Planning for an aging parent should include making a Will and granting Durable Power of Attorney for health and finances. Because of the complexity of family dynamics, it may make more sense to divide responsibility among several siblings.

If your parent is still mentally competent, you can encourage him or her to speak with an experienced estate planning and elder law attorney. If your parent consults a knowledgeable attorney, creating a solid estate plan can help resolve issues with a caregiver. Thorough estate planning is one of the most effective ways to prevent strangers and family members from taking advantage of an elderly loved one.

If you cannot convince your parent to meet with an attorney, then you should speak with a knowledgeable attorney about your parent’s circumstances, including concerns about the caregiver. Based on the situation, your attorney can suggest options for moving forward and resolving the issues.

Report it immediately, no matter what!

You should always report abuse when you see it or even suspect it is happening. Most importantly, your aging parent or loved one should always be treated with respect and dignity, regardless of their age or disability.

You cannot worry about how your family members will react to you reporting suspected abuse; their safety is paramount.  At the very least, consider the following: If an abusive caregiver has taken advantage of an older person, chances are he or she will continue this behavior until forced to stop. Your intervention by reporting could save a multitude of victims.
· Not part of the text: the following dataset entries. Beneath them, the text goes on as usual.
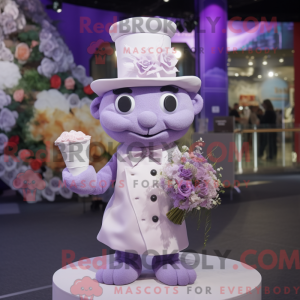 Disfraz de mascota Lavender...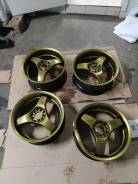Hinodex Stern. 8.0/7.0x17", 5x100, 5x114.3, ET38/38, �� 73,1���. ����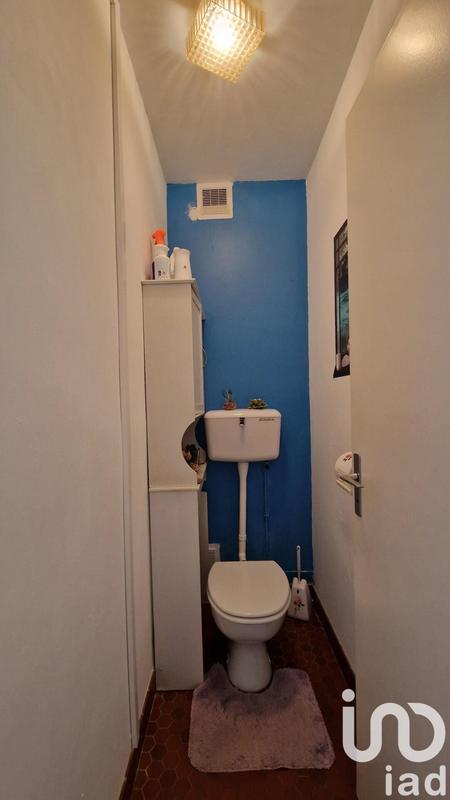 Appartement - 51 m² - 3 pièces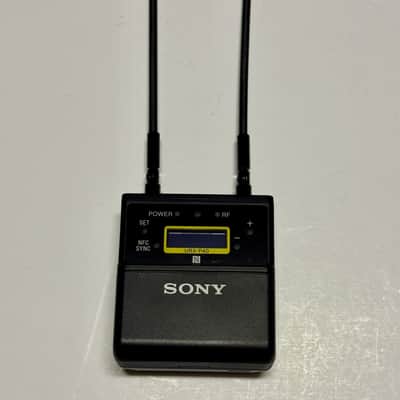 Sony URX-P40 Wireless Receiver (UC14: 470–542 MHz) – Lightly Used / Client Monitor Kit image 3
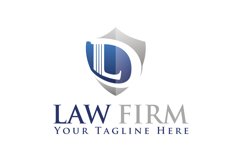 Law Firm Logo Product Image 1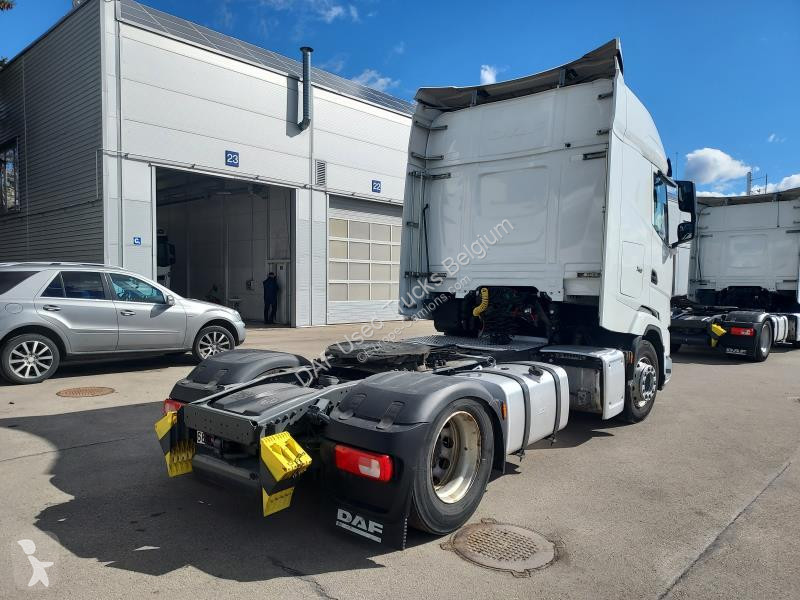 Traktor DAF 480 FT 4X2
If the abused person is too incapacitated or cognitively unable to self-report what is happening, someone needs to advocate on their behalf and take action against the abuser. This will prevent the abuser from continuing to hurt more people when they separate from this victim.

Hold hands

How to Help Your Aging Parent or Loved One

A caretaker may or may not be abusive, but if you suspect that they are taking advantage of your parent, act on it immediately and get them out of the home.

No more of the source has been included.